In this activity, students look at a simple model for a relationship between voltage and mass, and then explore the Kibble balance, a tool to use Planck’s constant as a measurement standard.

Target Grade Level:

Grades 8-12

Discipline or Course:

Physical Science

Estimated Time Required:

Two 45-minute sessions

Individual / Partner / Group Work:

Teams of 3-4 for Procedure I, Group for Procedure II

Key Vocabulary:

  • Force
  • Mass
  • Kibble balance

Teacher Prep:

The materials and exact procedures for the electromagnet modeling activity can vary. If your school has electromagnet kits, they can be adapted.

Suggestions for Remote Learning:

With appropriate cautions, the electromagnet project is easy to complete at home.


Using a constant to define a measurement is just one step in achieving accuracy. We must also have the tools that can use the standard and provide the precision that we need. The 2018 move by metrologists to define the kilogram in terms of Planck’s constant opened the door for more direct measurements around the world. Today, the measurement tool of choice for mass is the Kibble balance.

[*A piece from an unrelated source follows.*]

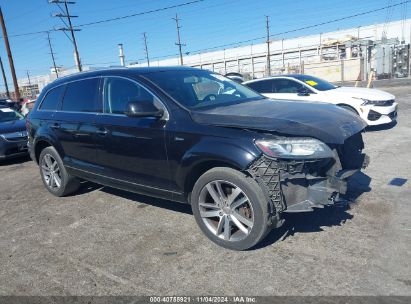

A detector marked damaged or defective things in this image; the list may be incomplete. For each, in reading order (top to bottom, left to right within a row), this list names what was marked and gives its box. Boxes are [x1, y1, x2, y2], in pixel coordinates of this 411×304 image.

damaged front bumper [248, 137, 370, 213] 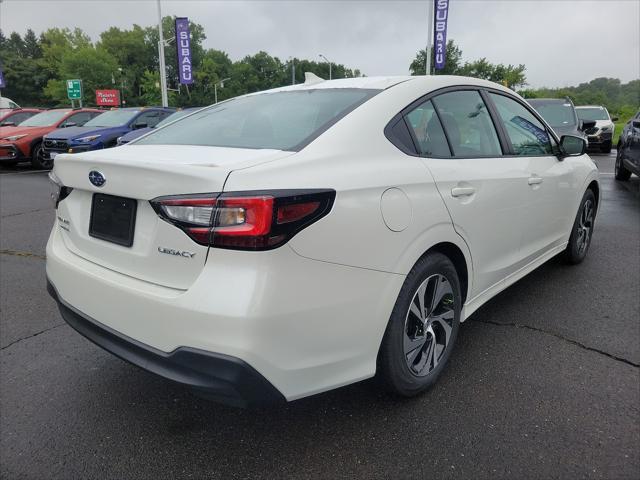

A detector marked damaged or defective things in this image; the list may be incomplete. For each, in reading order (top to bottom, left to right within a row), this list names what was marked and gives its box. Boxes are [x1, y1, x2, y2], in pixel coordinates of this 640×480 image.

crack in asphalt [0, 322, 66, 352]
crack in asphalt [476, 320, 640, 370] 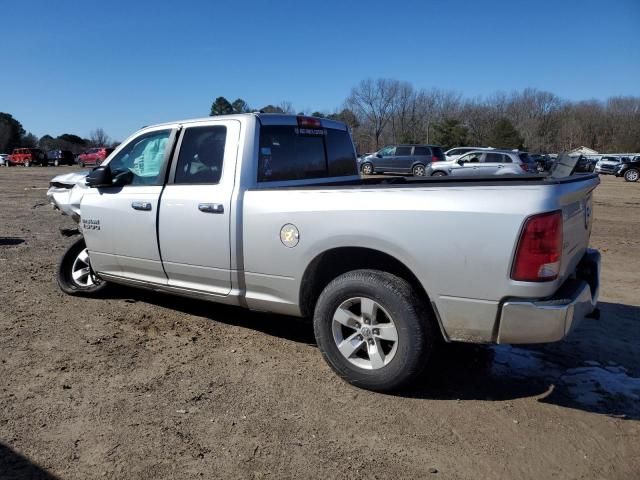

Once called the watt balance, this instrument measures the mass of a test object very precisely by the electric current and voltage needed to produce a compensating force. The force is produced by pulling a coil through a magnetic field at a constant velocity.

First you will build and measure a device that has some of the components of a Kibble balance. You’ll look at how electric current controls and can be used to measure force. It’s not a balance but like the Kibble it has an input (in this case, voltage) and an output (in this case, magnetism which can be used to lift a mass). This model can help you think about the input and output relationship in metrology’s newest and most valuable tool.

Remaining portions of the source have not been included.